Note that the horseshoe prior results in some divergent transitions. This can be an indication of non-convergence. However, these divergences arise often when using the horseshoe prior and as long as there are not too many of them, the results can still be used.

Next, we plot the posterior mean estimates for a selection of moderators for the different priors.

make_plotdat <- function(fit, prior){
  plotdat <- data.frame(fit$coefficients)
  plotdat$par <- rownames(plotdat)
  plotdat$Prior <- prior
  return(plotdat)
}

df0 <- make_plotdat(fit_lasso, prior = "lasso")
df1 <- make_plotdat(fit_hs1, prior = "hs default")
df2 <- make_plotdat(fit_hs2, prior = "hs reduced global scale")
df3 <- make_plotdat(fit_hs3, prior = "hs increased slab scale")

df <- rbind.data.frame(df0, df1, df2, df3)
df <- df[!df$par %in% c("Intercept", "tau2"), ]
pd <- 0.5
ggplot(df, aes(x=mean, y=par, group = Prior)) + 
  geom_errorbar(aes(xmin=X2.5., xmax=X97.5., colour = Prior), width=.1, position = position_dodge(width = pd)) +
  geom_point(aes(colour = Prior), position = position_dodge(width = pd)) +
  geom_vline(xintercept = 0) +
  theme_bw() + xlab("Posterior mean") + ylab("")

We can see that, in general, the different priors give quite similar results in this application. A notable exception is the estimate for the dummy variable testAuthorGrouped_stepDownAvoidance which is much smaller for the lasso compared to the horseshoe specification. This indicates that the lasso can shrink large coefficients more towards zero whereas the horseshoe is better at keeping them large.

Three-level model

Finally, we can also take into account the fact that some effect sizes might come from the same study by fitting a three-level model as follows:

fit_3l <- brma(yi ~ .,
               data = datsel,
               vi = "vi",
               study = "author",
               method = "lasso",
               standardize = FALSE,
               prior = c(df = 1, scale = 1),
               mute_stan = FALSE)

Standardization

It is possible to override the default standardization, which standardizes all variables (including dummies). To do so, first manually standardize any variables that must be standardized. Then, in the call to brma(), provide a named list with elements list(center = ..., scale = ...). For variables that are not to be standardized, use center = 0, scale = 1. This retains their original scale. For variables that are to be standardized, use their original center and scale to restore the coefficients to their original scale.

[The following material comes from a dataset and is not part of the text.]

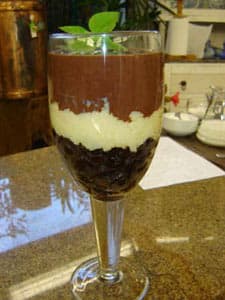 Taça de Ameixa com creme e chocolate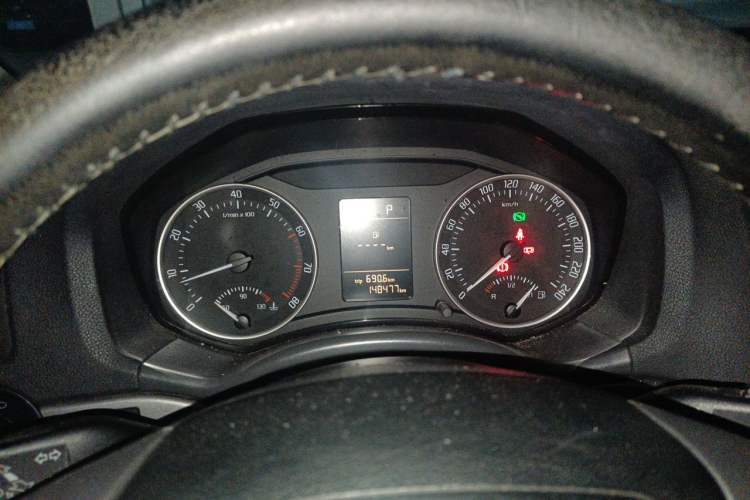 Used Skoda Octavia 2010 1.4TSI GreenLine Instrument Cluster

In the example below, we standardize a continuous predictor, but we do not standardize the dummies:

moderators <- model.matrix(yi~ageWeek + strainGrouped, data = datsel)[, -1]
scale_age <- scale(moderators[,1])
stdz <- list(center = c(attr(scale_age, "scaled:center"), rep(0, length(levels(datsel$strainGrouped))-1)),
             scale = c(attr(scale_age, "scaled:scale"),   rep(1, length(levels(datsel$strainGrouped))-1)))
moderators <- data.frame(datsel[c("yi", "vi", "author")], moderators)
fit_std <- brma(yi ~ .,
                data = moderators,
                vi = "vi",
                study = "author",
                method = "lasso",
                prior = c(df = 1, scale = 1),
                standardize = stdz,
                mute_stan = FALSE)

Note that, in this example, only ageWeek is standardized; the remaining (dummy) variables are untouched. The object stdz provides the original center and scale for ageWeek, which allows brma() to properly rescale the coefficient for this moderator. As the center and scale for all remaining (dummy) variables are 0 and 1, these coefficients are not rescaled. See the pema paper for a discussion of standardization and further references.